Gradual Increase in Memory Consumption
Hi,
Since 1.4.8 we have observed our shell-operator pods slowly consuming memory over time:
I made a local branch with pprof installed and it appears to be logrus that is not releasing its memory:
Environment:
- 1.48 - 1.4.11 (we've tested each version on release)
- Kubernetes version: AKS 1.29.4
- Installation type Helm
Worth noting that 1.4.7 behaves as expected on the same cluster.
Anything else we should know?: I find it odd that nobody else is reporting this issue - I can only assume it's some oddity in our environment but I'm pretty much out of ideas.
From what I can see the version of the logrus package hasn't changed between versions of this application (particularly 1.47 - 1.48).

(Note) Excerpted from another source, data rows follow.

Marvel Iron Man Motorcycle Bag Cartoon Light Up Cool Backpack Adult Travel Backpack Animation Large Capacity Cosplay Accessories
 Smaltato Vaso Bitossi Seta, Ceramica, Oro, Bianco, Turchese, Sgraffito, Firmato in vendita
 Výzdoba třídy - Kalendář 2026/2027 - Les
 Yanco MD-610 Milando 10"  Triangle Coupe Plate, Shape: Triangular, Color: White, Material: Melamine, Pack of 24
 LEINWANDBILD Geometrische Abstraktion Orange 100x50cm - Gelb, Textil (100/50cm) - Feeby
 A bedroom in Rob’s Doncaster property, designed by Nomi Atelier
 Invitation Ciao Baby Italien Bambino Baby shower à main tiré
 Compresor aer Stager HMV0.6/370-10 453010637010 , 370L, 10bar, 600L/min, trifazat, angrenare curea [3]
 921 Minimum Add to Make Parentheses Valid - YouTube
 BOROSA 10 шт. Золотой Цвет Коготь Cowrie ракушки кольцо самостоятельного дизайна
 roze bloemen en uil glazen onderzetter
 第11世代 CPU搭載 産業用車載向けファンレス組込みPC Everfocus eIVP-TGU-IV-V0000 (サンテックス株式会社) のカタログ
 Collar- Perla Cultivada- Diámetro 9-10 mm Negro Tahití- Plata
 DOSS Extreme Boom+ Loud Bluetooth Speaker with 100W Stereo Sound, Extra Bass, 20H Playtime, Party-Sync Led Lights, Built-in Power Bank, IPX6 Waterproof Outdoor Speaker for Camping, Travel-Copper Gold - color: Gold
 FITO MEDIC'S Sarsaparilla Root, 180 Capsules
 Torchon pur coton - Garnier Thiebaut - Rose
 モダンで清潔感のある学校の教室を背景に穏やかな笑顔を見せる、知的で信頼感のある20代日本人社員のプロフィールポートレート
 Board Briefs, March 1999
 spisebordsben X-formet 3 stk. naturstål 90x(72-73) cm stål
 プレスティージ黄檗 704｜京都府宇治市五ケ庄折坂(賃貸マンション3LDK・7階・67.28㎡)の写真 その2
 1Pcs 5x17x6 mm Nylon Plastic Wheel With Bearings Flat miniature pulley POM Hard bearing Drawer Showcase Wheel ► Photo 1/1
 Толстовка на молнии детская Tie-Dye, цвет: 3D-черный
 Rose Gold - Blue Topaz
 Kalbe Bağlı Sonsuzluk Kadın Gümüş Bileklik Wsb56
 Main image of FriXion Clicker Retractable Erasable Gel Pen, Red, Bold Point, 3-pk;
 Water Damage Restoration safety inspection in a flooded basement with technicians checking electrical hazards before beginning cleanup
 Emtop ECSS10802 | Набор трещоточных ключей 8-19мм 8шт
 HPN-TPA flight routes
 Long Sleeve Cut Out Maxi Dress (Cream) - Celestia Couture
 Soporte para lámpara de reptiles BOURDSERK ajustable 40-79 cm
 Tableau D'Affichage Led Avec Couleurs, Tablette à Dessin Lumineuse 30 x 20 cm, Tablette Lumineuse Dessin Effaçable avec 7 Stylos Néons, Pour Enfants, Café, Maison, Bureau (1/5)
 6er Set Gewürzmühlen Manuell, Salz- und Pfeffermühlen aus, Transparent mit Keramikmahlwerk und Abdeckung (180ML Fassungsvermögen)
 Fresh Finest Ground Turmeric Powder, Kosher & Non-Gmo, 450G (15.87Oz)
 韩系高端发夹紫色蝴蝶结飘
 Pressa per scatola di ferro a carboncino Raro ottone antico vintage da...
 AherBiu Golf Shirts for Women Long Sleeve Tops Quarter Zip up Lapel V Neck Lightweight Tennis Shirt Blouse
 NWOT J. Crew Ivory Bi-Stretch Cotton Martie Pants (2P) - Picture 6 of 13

If you have any ideas of how we could debug further that would be appreciated.
I've attached the heap dump if that's of any help
Thanks
Hit by this issue. Tryed to set GOMEMLIMIT with no luck (then checked Go version = 1.19 which does not support a soft memory limit).
Shell Operator: 1.4.12
K8s: 1.30.3
Linux Kernel: 6.6.52 with THP enabled in madvise mode (it is relevant for Go > 1.20 I think)
Reproducer project: https://github.com/cit-consulting/hetzner-failoverip-controller
Also hitting this.
Shell Operator: 1.4.10 K8s: 1.29.8
Same here with multiple operators running on different clusters using 1.4.10. Pod crashes and restarts when it hits memory limit.
Checked 1.4.14 - classic memory leak:
Because of Go 1.22 and GOLIMIT, the operator uses a lot of CPU on GC before being killed by Kubelet.
Hello. Thank you for the report. We also met the logrus leak a few time ago. we're currently working on changing the logger.
We have a quick fix in v1.4.15. Could you try it, please.
We have a quick fix in v1.4.15. Could you try it, please.
The memory profile looks better but I hit by log duplication https://github.com/flant/shell-operator/issues/675
Keeps monitoring.
We've been running 1.4.15 overnight - memory usage is completely flat :)
Thanks all